The data mining “attitudes” range from the extremes that DM techniques are to be avoided like the plague, to one where “data mining is essential and that the only hope that we have of using econometrics to uncover true economic relationships is to be found in the intelligent mining of data.” The authors note that machine learning phobia is currently the norm in economics research.
Why is this? “Data mining is considered reprehensible largely because the world is full of accidental correlations, so that what a search turns up is thought to be more a reflection of what we want to find than what is true about the world.” In contrast, “Econometrics is regarded as hypothesis testing. Only a well specified model should be estimated and if it fails to support the hypothesis, it fails; and the economist should not search for a better specification.”

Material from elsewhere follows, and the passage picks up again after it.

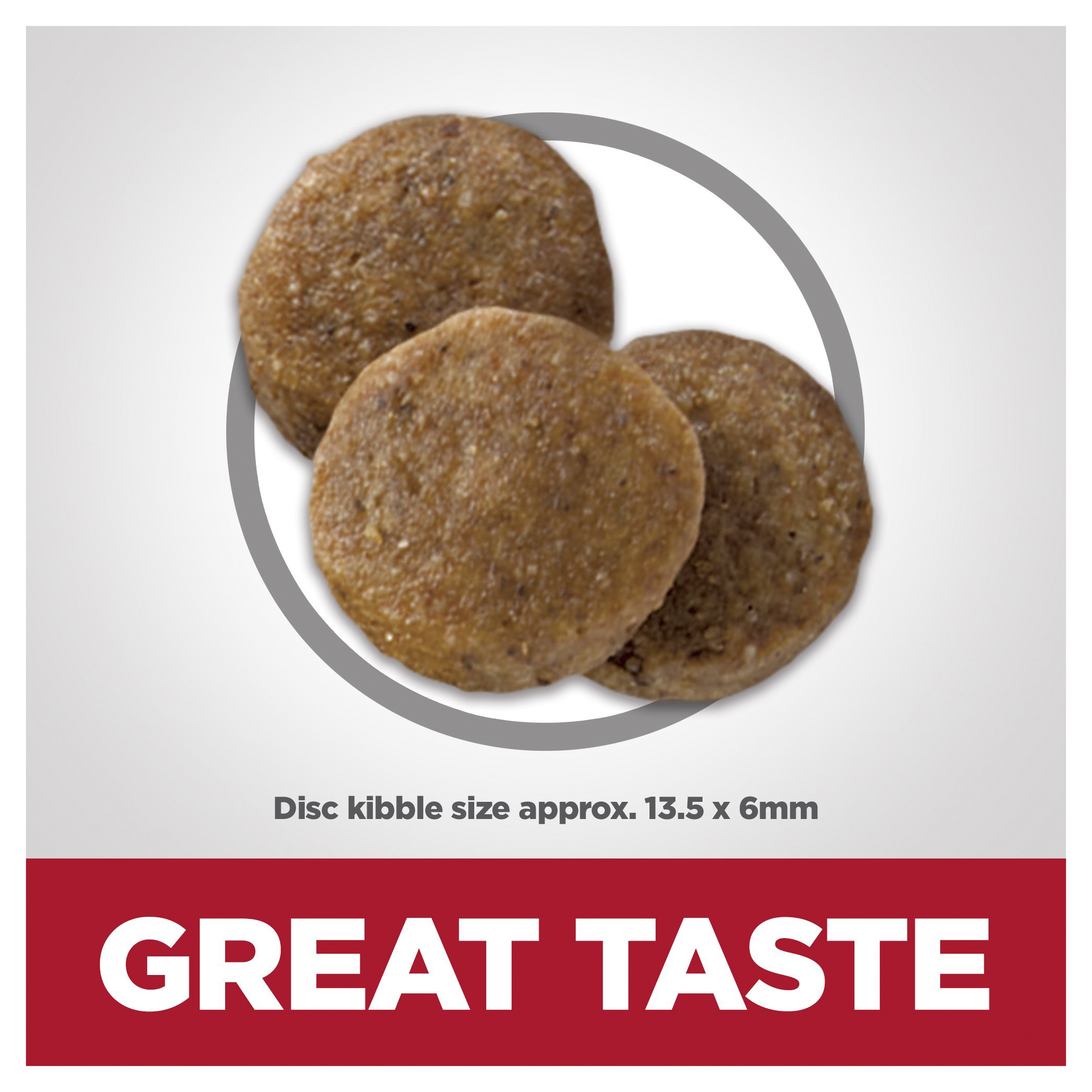 Hill's Science Diet Dry Dog Food Adult Sensitive Stomach & Skin Large Breed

In other words, econometrics focuses on explanation, expecting its practitioners to generate hypotheses for testing with regression models. ML, on the other hand, obsesses on discovery and prediction, often content to let the data talk directly, without the distraction of “theory.” Just as bad, the results of black-box ML might not be readily interpretable for tests of economic hypotheses.
Watching other communities fight over odd questions is always more enjoyable than serious disputes of grave concern in our own. (See Using “Punning” to Answer httpRange-14 for example.)
I mention the economist’s dispute, not simply to make jests at the expense of “econometricians.” (Do topic map supporters need a difficult name? TopicMapologists? Too short.)
The economist’s debate is missing an understanding that modeling requires some knowledge of the domain (mining whether formal or informal) and mining requires some idea of an output (models whether spoken or unspoken). A failing that is all too common across modeling/mining domains.
To put it another way:
We never stumble upon data that is “untouched by human hands.”
We never build models without knowledge of the data we are modeling.
The relevant question is: Does the model or data mining provide a useful result?
(Typically measured by your client’s joy or sorrow over your results.)